= Behavioral contagion =

Spontaneous, unsolicited and uncritical imitation of another's behavior

Behavioral contagion is a form of social contagion involving the spread of behavior through a group. It refers to the propensity for a person to copy a certain behavior of others who are either in the vicinity, or whom they have been exposed to. The term was originally used by Gustave Le Bon in his 1895 work The Crowd: A Study of the Popular Mind to explain undesirable aspects of behavior of people in crowds. In the digital age, behavioral contagion is also concerned with the spread of online behavior and information. A variety of behavioral contagion mechanisms were incorporated in models of collective human behavior.

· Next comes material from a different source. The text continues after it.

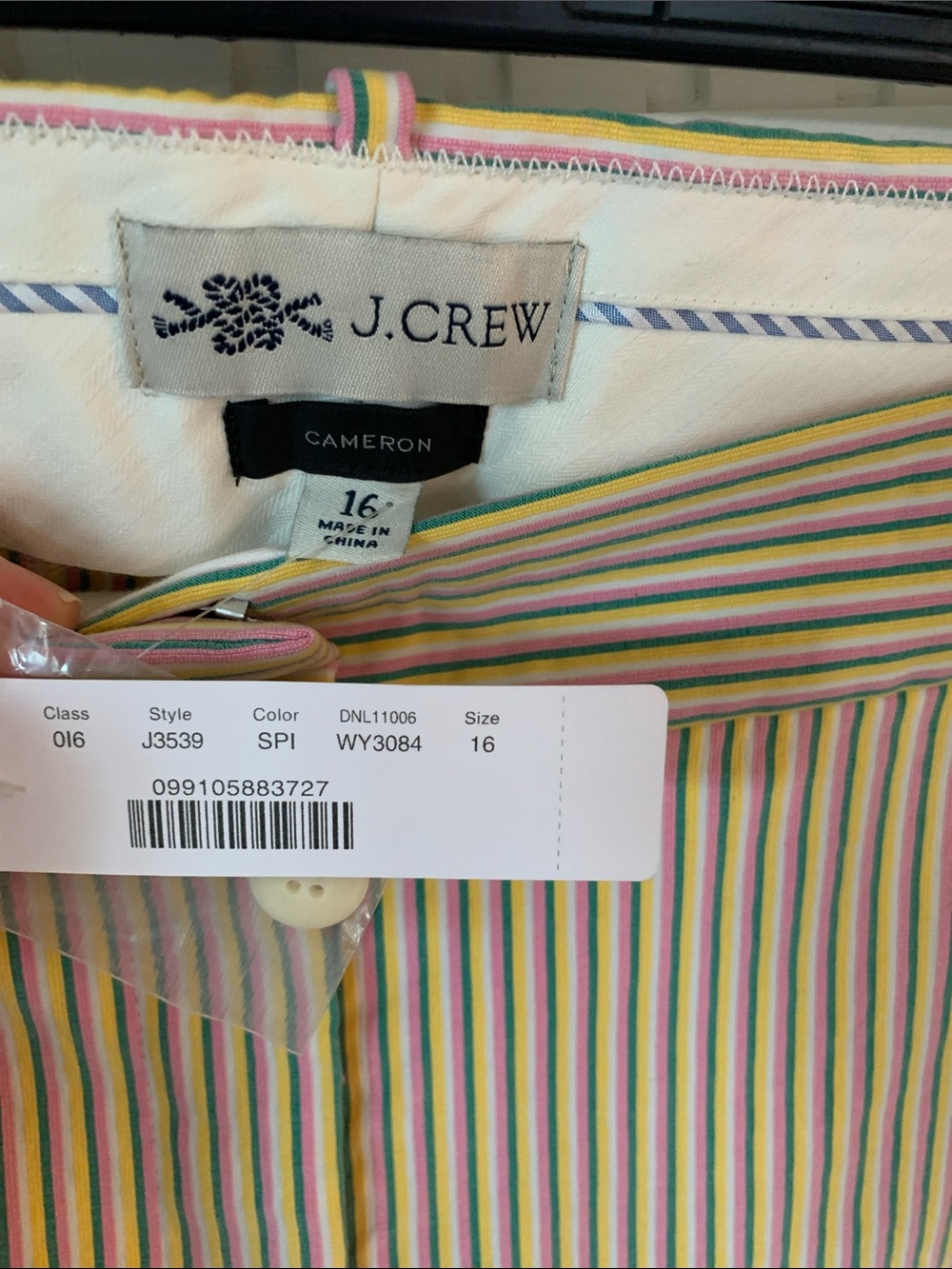 NWT J.Crew Cameron slim crop pant in stretch seersucker Size 16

Behavioral contagion has been attributed to a variety of different factors. Often it is distinguished from collective behavior that arises from a direct attempt at social influence. A prominent theory involves the reduction of restraints, put forth by Fritz Redl in 1949 and analyzed in depth by Ladd Wheeler in 1966. Social psychologists acknowledge a number of other factors, which influence the likelihood of behavioral contagion occurring, such as deindividuation (Festinger, Pepitone, & Newcomb, 1952) and the emergence of social norms (Turner, 1964). In 1980, Freedman et al. have focused on the effects of physical factors on contagion, in particular, density and number.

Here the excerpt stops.